また、より大きな多言語コーパスで、この方法を他の圧縮アプローチとも比較しました。いくつか代表的な点:

  • スカラーint8:4x圧縮、コサイン 0.9999、Recall@10 97.2%
  • 3-bit量子化:10.6x、コサイン 0.978、Recall@10 83.8%
  • PCA-384 + 3-bit量子化:27.7x、コサイン 0.979、Recall@10 76.4%
  • バイナリ量子化:32x、コサイン 0.758、Recall@10 66.6%
  • PQ(M=16、K=256):256x、コサイン 0.810、Recall@10 41.4%

実用上の示唆は、おそらく次のようです:

  • Matryoshkaではないモデルでは、素朴な切り詰めは通常使い物にならない
  • 一度だけPCAを当てると、切り詰めが現実的になる
  • PCA + 低ビット量子化は、スカラー量子化と、より攻撃的なバイナリ/PQアプローチの間の有用な中間地点を埋める

重要な制限が1つあります。コサイン類似度はRecall@10よりも劣化が遅いです。私の実験では、27x圧縮でもコサイン上は依然として強いように見えましたが、リコールは意味のある形で低下しました。
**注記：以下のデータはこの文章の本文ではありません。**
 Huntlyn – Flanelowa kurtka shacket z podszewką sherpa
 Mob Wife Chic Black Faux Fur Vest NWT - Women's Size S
リコールが優先なら、より緩い設定のほうが良さそうでした。

私は主に、この手法と評価についてフィードバックを得るために投稿しています。特に、埋め込み圧縮やANNシステムに取り組んだことがある方々からの意見を歓迎します。

ぜひ入力してほしい質問:

  1. ここでの適切なベースラインはPCAでしょうか?それとも、比較対象としてもっと強力な線形ベースラインがあるでしょうか?
  2. 検索(retrieval)では、どの指標を最も意思決定に関わるものとして扱うべきでしょうか:コサインの再構成、Recall@10、または別の何かでしょうか?
  3. 他の方々も、Matryoshkaではない埋め込みモデルで同様の挙動を見たことはありますか?